Tucked inside midtown’s Hutton Hotel is one of Nashville’s newer live music venues that, I’m happy to report, has incredibly good sound. Analog at the Hutton is, if a room could be so described, sexy. Dark, intimate, and with clear-as-a-bell sound, this venue is one you should check out. We were able to catch a writer’s round there last night comprised of Ruthie Collins, Natalie Stovall, Femke Weidema, and Nikita Karmen. My second all-female round this week, last night showed the power of collaboration, friendship, and support within these small writing families.

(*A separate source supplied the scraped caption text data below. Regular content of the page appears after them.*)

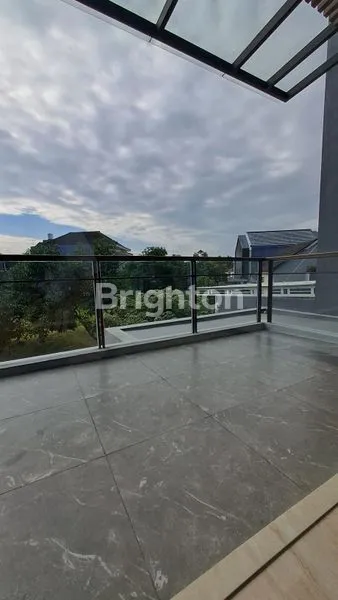 image RUMAH BARU RENOVASI, 2 LANTAI DI ARAYA MALANG (8)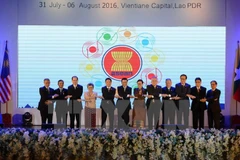 Vietnam et Laos renforcent leur coopération au commerce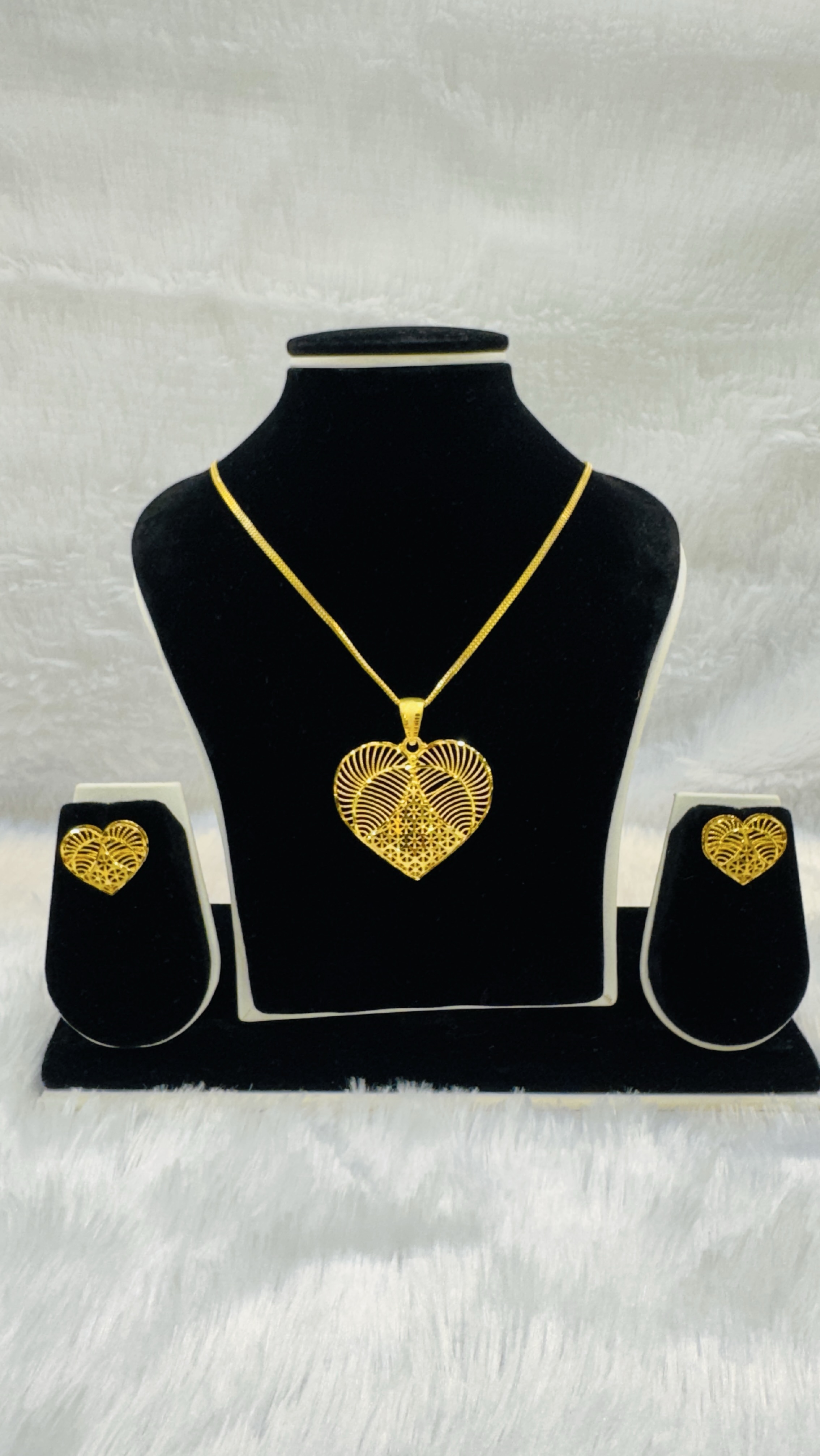 Heart Shape Necklace Set view 2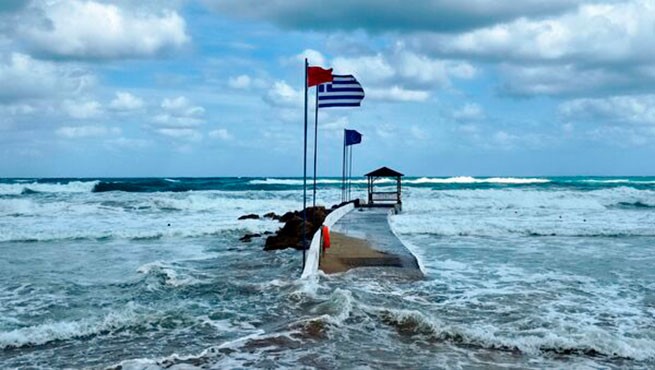 Греция - "красная угроза": сильные дожди, штормы, мощный ветер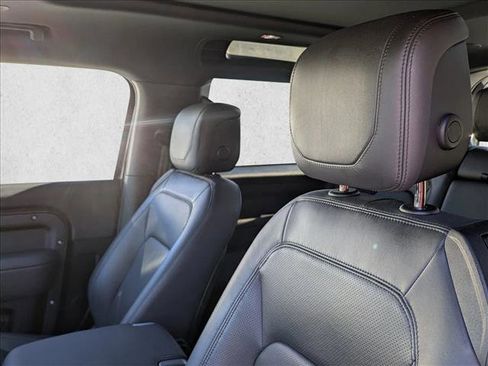 Used 2023 Land Rover Defender 90 V8 image 14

While these artists often toe the line between country and pop, their varied influences run deep, sometimes reminding the ears of Oasis and Lisa Loeb alongside many country legends. In particular, Femke’s “Learn Your Language” and “When You Know You Know” and Nikita’s “Next to Me” registered those wonderfully reminiscent 90s vibes. Both artists bring non-native perspectives to their work. Femke hails from the Netherlands and Nikita from Australia. Especially strong in Femke’s songs is a theme of isolation and foreignness as identity in the larger industry.
Natalie Stovall’s work may hew closer to tradition, but her voice is all power. Her “Brooklyn” was a powerful meditation on reaching out for life and help. After an event in New York City with the Coast Guard, a young serviceman told Stovall that they are often the first responders when someone considers suicide by leaping from the Brooklyn Bridge. And, with a staggering accuracy, they can often tell who will jump based on whether they’re facing the lights of the city or away from them.
Ruthie Collins’ focus has been on writing in the moment, which almost registers as a reaction against our Insta-culture. Being present, documenting with words, and recalling in exacting details the textures and colors of a moment, Collins’ “24 Hours in Brooklyn” and “Dang, Dallas” explored what moments actually mean in our lives.
The most memorable songs came out of a collaboration between Collins and The Voice alumnus Natalie Stovall that they call Honeysuckle Rose. While “Sugar Mama” focused on a woman spending her hard-earned money on wooing and entertaining a man and “Fun and Games”… well, as the lyrics said, “It’s all fun and games ’till somebody gets knocked up.”